A. i. oscitans from Pura, Alor, and Atauro presents another anomaly. The black dot protoconch and general shell characteristics exhibited by this species link it to A. contrarius, A. wetaranus, and A. rollei, yet isolation has allowed the snail to develop enough distinct shell characters to warrant specific status. Its habitat at higher elevations, removed from limestone, may be the reason for its having a thin shell, a trait often seen in species of snails living at high elevations.

This convincing evidence suggests that A. inconstans, long thought to be one highly variable species, has, in fact, succumbed to the changes influenced by isolation. The complex has seemingly evolved into four or five distinct species stemming from two ancestral forms; A. contrarius from Timor being the parent population for the Amphidromus inhabiting the limestone islands; and A. poecilochrous (Figure 7: 14) from Flores & Sumbawa Islands possibly being the parent population for the Amphidromus on the volcanic islands. Yet additional field work is necessary to confirm or deny our speculation that there is a connection between A. poecilochrous and A. inconstans.

If there is a pattern to this hypothesis, then the first species, Amphidromus inconstans, would include the color forms that inhabit the volcanic islands of Pantar, Pura, Alor (Figure 1: 2 - 4); a second species, A. oscitans found only at higher elevations on Pura, Alor and Atauro would also be distinct (Figure 2: 5 - 6); the limestone islands of Wetar and Romang would be home to the third and fourth species, A. wetaranus (Figure 4: 8 - 9) and A. rollei (Figure 6: 10) respectively; and finally the low elevation Amphidromus from Atauro may, in fact, represent another new species (Figure 3: 7). A paper currently being drafted will delineate the Atauro snail.
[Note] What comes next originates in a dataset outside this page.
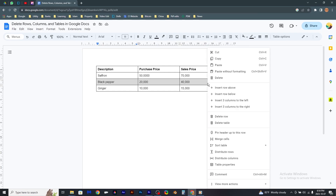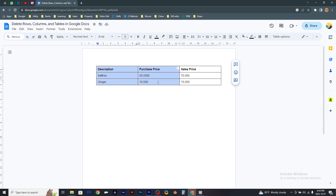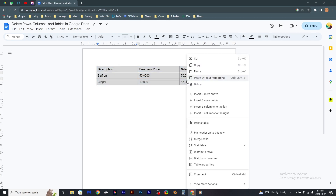Now this row has been deleted too. For the final step, I would like to delete the whole table. All I need to do is select the table, right-click on it, and click 'Delete table'.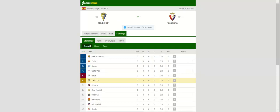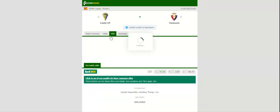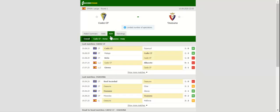Newcomers Cadiz will be aiming to kick off the new La Liga season in style when they welcome Osasuna at their Estadio Ramon de Carranza.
Equipped with this empirical data, not only would William Clench have been assured of which island he had landed and collected on, but also this data would have clarified for him what direction he was heading if he had journeyed in the path of the spice traders through the islands in eastern Nusa Tenggara. This fascinating complex of Amphidromus is just one of many in the genus that offers a challenging puzzle for students of landshells, professional and amateur alike.